The e-commerce giant has touted its own efforts to fight counterfeits, including last year's announcement of a "counterfeit crimes unit," and frequently takes sellers to court, sometimes in concert with affected brands. But the problem has proven to be intractable. In January, the Office of the U.S. Trade Representative released its 2020 Review of Notorious Markets for Counterfeiting and Piracy, detailing markets known for fake goods and finding a high level of such sales through Amazon's foreign domains, including in the U.K., France, Germany and Italy.
The issue also came up at a congressional hearing last year, when Amazon founder and CEO Jeff Bezos and other tech leaders were in the hot seat. In that hearing, lawmakers asked Bezos for more transparency around sellers, something that supporters also say is key to combating these sales.

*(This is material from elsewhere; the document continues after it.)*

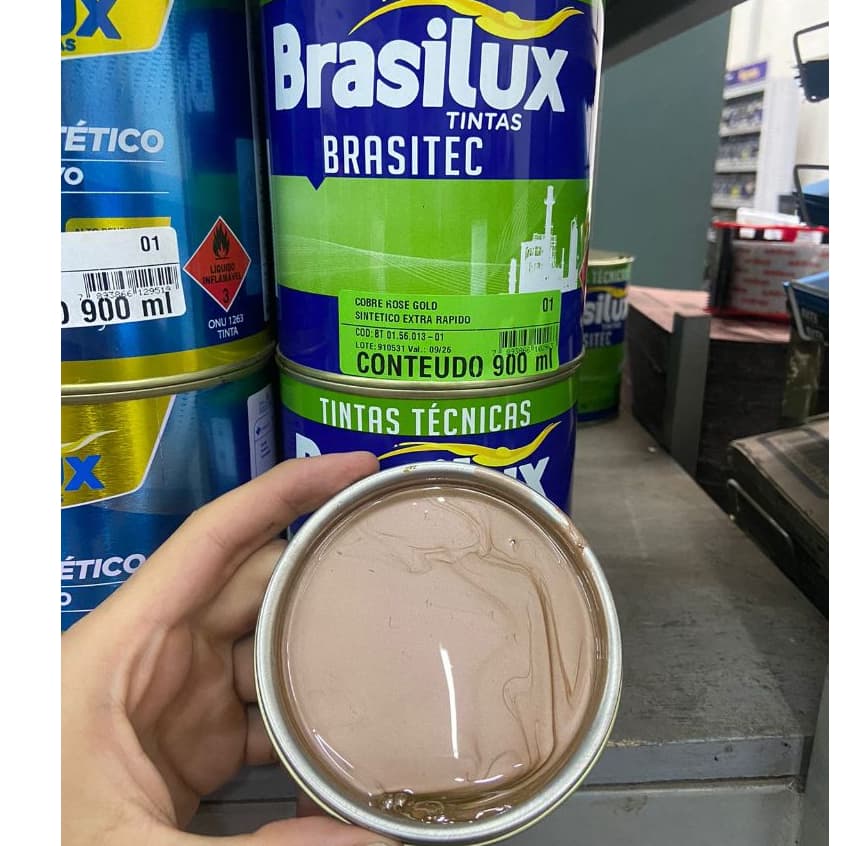 Tinta Esmalte Sintético Cobre Rose Gold 900ml Brasilux Secagem Extra Rápida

By contrast, Walmart, which has recently made a concerted effort to expand its own third-party marketplace, "strongly supports" the bill. It's an "important piece of legislation" that levels the playing field for brick-and-mortar retailers, which already face strict limits around selling fraudulent goods, and a matter of customer trust, according to Walmart spokesperson Randy Hargrove.
"We believe the bill would increase transparency and accountability on online marketplaces, we think it would address the serious concern of stolen and counterfeit goods on online marketplace platforms and it would help protect consumers," Hargrove said by phone. "And I'll go a step further – the bill's seller disclosure and verification requirements are best practices for all marketplaces, and they're needed to empower consumers and law enforcement officials to reduce fraudulent sales."
In general, such efforts to verify seller identity and track fakes have been limited and insufficient, to the detriment of brands, according to AAFA President and CEO Steve Lamar. "The burden to flag and seek removal of these counterfeits has unfairly fallen on our member brands," Lamar said in a statement. "We expect to see online marketplaces vet — and proactively exclude — counterfeiters to protect invaluable intellectual property and the safety of consumers."